> [What this task involves]:
Locate the line that contains "GIE74，相機觸發" in the entries below, then repeat it and every following line through the line that contains "中学校理科 カイロの仕組みを説明しよう あるのすけ Note", exactly, and no others.

[[ Input data, beginning ]]

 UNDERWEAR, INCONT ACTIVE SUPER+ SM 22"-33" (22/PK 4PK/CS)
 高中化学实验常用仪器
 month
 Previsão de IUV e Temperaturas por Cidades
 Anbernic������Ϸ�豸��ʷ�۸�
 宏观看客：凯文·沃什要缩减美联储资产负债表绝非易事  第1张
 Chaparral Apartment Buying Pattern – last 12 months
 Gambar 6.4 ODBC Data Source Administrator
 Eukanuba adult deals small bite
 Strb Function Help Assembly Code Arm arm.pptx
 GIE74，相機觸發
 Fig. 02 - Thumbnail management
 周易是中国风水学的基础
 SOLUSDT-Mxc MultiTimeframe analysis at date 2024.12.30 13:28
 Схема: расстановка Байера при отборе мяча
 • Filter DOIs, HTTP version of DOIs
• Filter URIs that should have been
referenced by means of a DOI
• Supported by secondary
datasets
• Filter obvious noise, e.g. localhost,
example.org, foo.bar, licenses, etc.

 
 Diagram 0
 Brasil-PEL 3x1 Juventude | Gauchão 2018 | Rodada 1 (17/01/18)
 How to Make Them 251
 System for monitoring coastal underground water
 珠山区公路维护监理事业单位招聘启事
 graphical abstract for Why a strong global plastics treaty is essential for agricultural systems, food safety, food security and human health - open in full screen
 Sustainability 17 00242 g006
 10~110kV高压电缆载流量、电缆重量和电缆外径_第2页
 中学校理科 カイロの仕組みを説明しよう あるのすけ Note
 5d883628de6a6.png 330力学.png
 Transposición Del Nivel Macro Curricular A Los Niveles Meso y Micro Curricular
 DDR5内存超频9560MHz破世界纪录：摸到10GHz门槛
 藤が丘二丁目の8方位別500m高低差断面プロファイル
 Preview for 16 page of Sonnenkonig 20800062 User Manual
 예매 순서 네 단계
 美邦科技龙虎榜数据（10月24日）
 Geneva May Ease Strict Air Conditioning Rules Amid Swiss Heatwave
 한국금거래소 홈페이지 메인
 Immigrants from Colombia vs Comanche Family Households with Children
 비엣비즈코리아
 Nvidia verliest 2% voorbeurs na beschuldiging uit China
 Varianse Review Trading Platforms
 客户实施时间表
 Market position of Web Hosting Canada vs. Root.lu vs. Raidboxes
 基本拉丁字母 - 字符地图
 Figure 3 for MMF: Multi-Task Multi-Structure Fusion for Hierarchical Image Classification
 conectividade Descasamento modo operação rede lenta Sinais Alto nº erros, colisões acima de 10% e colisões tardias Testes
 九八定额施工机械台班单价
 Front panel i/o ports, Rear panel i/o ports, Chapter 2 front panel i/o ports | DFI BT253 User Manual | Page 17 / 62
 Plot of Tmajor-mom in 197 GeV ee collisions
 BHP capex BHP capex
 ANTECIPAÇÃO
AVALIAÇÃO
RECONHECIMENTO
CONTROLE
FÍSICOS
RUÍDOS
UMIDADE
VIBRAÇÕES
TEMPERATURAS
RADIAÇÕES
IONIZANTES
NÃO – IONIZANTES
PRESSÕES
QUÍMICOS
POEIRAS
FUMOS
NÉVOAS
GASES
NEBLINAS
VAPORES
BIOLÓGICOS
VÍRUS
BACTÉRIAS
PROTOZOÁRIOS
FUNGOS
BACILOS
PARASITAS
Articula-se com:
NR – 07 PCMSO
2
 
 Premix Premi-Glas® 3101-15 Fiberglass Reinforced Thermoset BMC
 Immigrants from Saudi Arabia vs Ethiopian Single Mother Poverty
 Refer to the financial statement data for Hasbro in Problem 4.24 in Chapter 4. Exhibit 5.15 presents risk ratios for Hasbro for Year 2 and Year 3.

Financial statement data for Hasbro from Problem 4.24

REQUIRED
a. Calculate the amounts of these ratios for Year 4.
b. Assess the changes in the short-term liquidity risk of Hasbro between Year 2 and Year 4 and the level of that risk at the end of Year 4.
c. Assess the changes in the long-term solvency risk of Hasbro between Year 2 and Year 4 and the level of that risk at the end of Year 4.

[[ Input data, end ]]

> [Answer space]:
 GIE74，相機觸發
 Fig. 02 - Thumbnail management
 周易是中国风水学的基础
 SOLUSDT-Mxc MultiTimeframe analysis at date 2024.12.30 13:28
 Схема: расстановка Байера при отборе мяча
 • Filter DOIs, HTTP version of DOIs
• Filter URIs that should have been
referenced by means of a DOI
• Supported by secondary
datasets
• Filter obvious noise, e.g. localhost,
example.org, foo.bar, licenses, etc.

 
 Diagram 0
 Brasil-PEL 3x1 Juventude | Gauchão 2018 | Rodada 1 (17/01/18)
 How to Make Them 251
 System for monitoring coastal underground water
 珠山区公路维护监理事业单位招聘启事
 graphical abstract for Why a strong global plastics treaty is essential for agricultural systems, food safety, food security and human health - open in full screen
 Sustainability 17 00242 g006
 10~110kV高压电缆载流量、电缆重量和电缆外径_第2页
 中学校理科 カイロの仕組みを説明しよう あるのすけ Note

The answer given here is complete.